Matter of:   Reedsport Machine & Fabrication
    
File:            B-293110.2; B-293556
    
Date:              April 13, 2004
    
Daniel L. Duyck, Esq., Schwabe, Williamson & Wyatt, for the protester.
B. J. Braun, Esq., Department of Homeland Security, for the agency.
Peter Verchinski, Esq., and John M. Melody, Esq., Office of the General
Counsel, GAO, participated in the preparation of the decision.
DIGEST
    
Allegation that agency*s combination of two groups of motor lifeboats into
one solicitation unduly restricts competition is denied where agency has
reasonably demonstrated that a single contract is necessary to satisfy its
minimum needs.
DECISION
    
Reedsport Machine & Fabrication protests the award of a contract to
Modutech Marine, Inc. under invitation for bids (IFB) No.

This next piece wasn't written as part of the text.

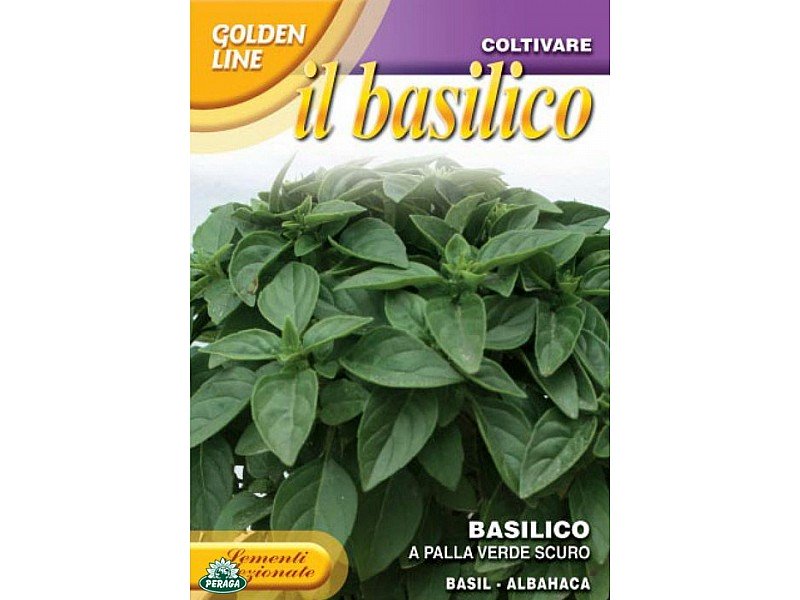 BUSTINA CON SEMI DI BASILICO A PALLA VERDE SCURO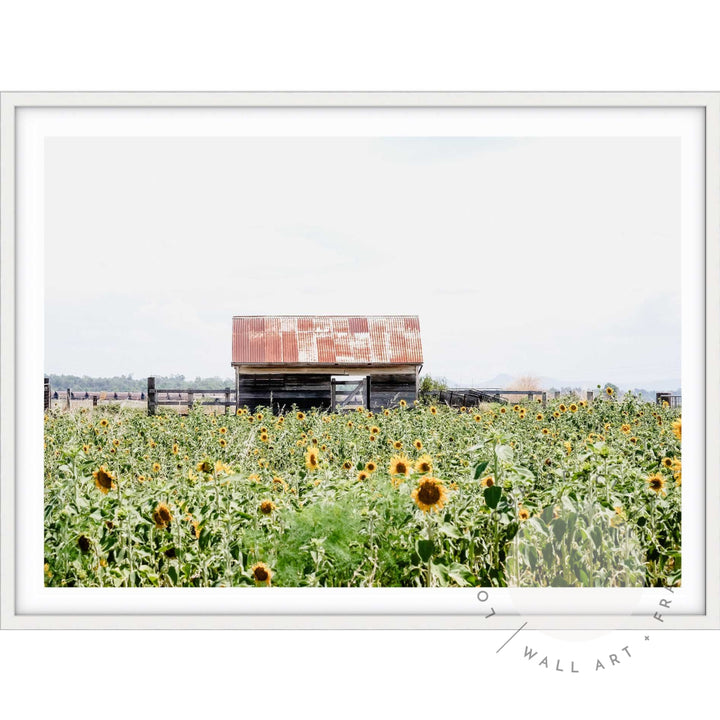 Sunflower Country A4 (21cm x 29.7cm) / White Posters Prints & Visual Artwork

DTCG85-04-B-66B003 (IFB 003), a small business set-aside issued by the
Department of Homeland Security, United States Coast Guard, for haul out
and repair work on 47‑foot motor lifeboats (MLB) based at a group of
Coast Guard stations near Astoria, Washington. Reedsport also protests the
terms of IFB No. DTCG85-04-B-695133 (IFB 133), which requested bids for
the same work at Coast Guard stations near Seattle, Washington.
    

   We deny the protests.
    
On August 21, 2003, the Coast Guard issued IFB 003, which provided for the
award of an indefinite-delivery/indefinite-quantity (IDIQ) contract for a
base year, with 4 option years.  The IFB contemplated multiple awards and,
towards that end, separated the MLBs into five geographic lots.  Lots 1
through 4 were each composed of one Coast Guard group, while Lot 5 was
composed of two groups (Group Seattle and Group Port Angeles).[1]  Vendors
were allowed to bid on any lot, provided that its place of repair was
within 300 nautical miles of every MLB in the lot.  The IFB provided that
evaluated price would include composite labor rates and foreseeable costs
to the government for transporting MLBs from home moorage to the
contractor*s place of performance.  The foreseeable costs consisted of
operating costs for transporting boats, travel and per diem costs for the
Port engineer, costs for a rental car, and costs (on a mileage basis) for
transporting crew members.
    
By amendment issued on September 10, Station Tillamook was removed from
Lot 4  (Group Astoria), and instead placed in Lot 3 (Group North Bend). 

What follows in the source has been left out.